Sigmund gestured to Julia to step ahead. Seconds after her, flicking across half a world into the security vestibule of the headquarters of the New Terran Defense Forces, he brooded what nightmare this latest astronomical phenomenon portended.

2

An overweight, florid-faced colonel met Sigmund and his granddaughter in the secured teleportation foyer, expediting their way through screening. With a half-dozen armed escorts, they strode deep into the building, past one interior checkpoint after another.

Once you’ve overthrown one government, why wouldn’t you suspect others of plotting to overthrow yours?

The previous government had vanished almost overnight through a self-organizing consensus process Sigmund had never understood and would never accept, but that the native New Terrans somehow considered proper.
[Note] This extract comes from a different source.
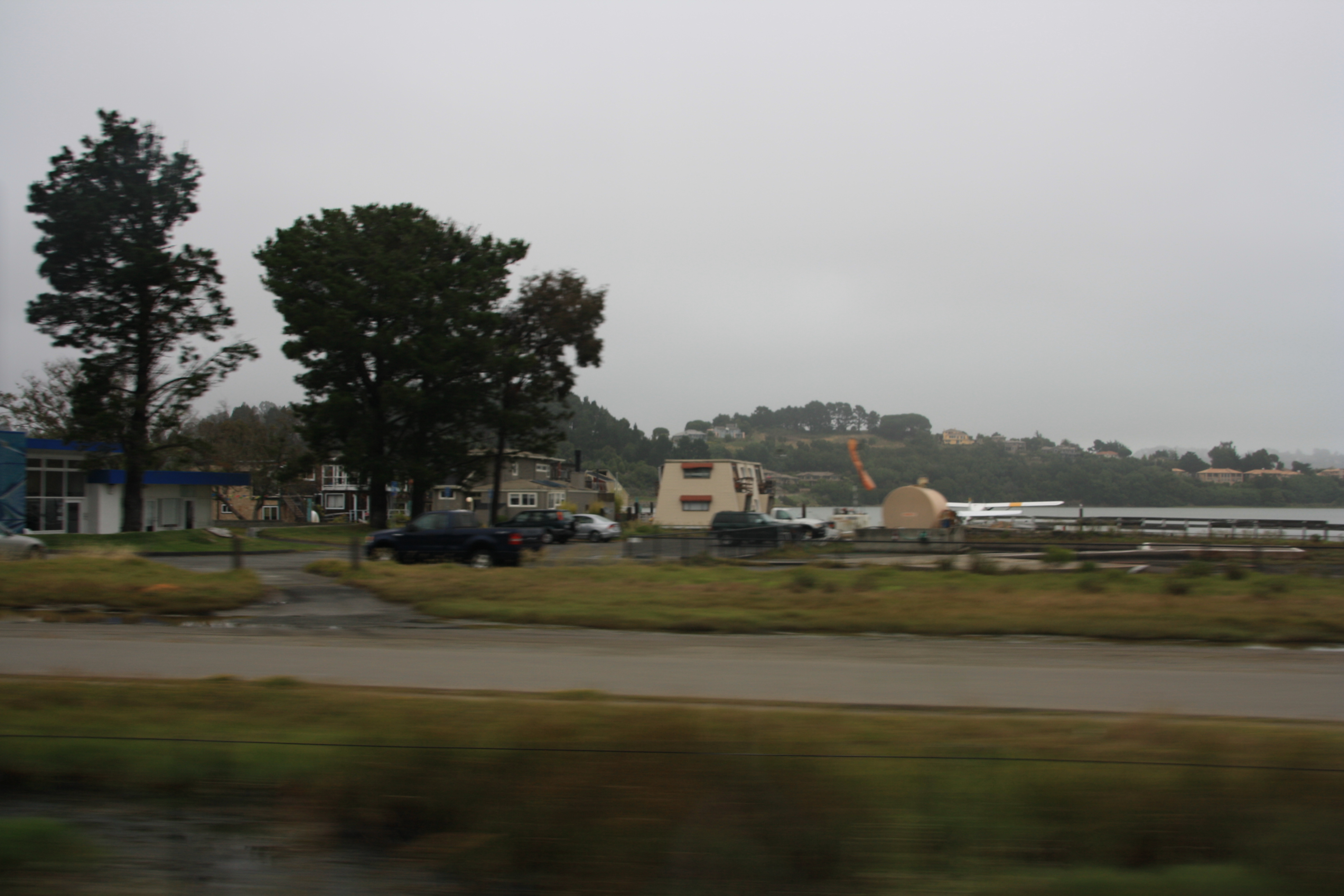 IMG_2364.JPG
The transfer of power was more Puppeteer-like than the rebels appeared to recognize, even if the new technocracy had more of a human feel to it.

Sigmund had sworn to uphold the elected government, but when the demonstrations went worldwide, he had ordered his troops to lay down their arms. On his watch New Terrans would never attack their own people.

Or maybe he had rejected violence because, at some level, resistance would have been self-serving. Ultimately, the old government’s downfall was about him. To be rid of all alien “entanglements” — to hide from the galaxy — the people had had to be rid of him. And so, on the heels of the Gw’oth War: the revolution.

Never mind that he had maintained New Terran neutrality, that he had guided his adopted world, unscathed, through yet another interstellar crisis —

Stop dwelling on the past, Sigmund lectured himself, no matter that mostly he lived there. He was too ancient to do otherwise.

And ancient was how everyone here would see him. The doddering old man. The relic of a bygone era. The freak from another world. Why would they heed him?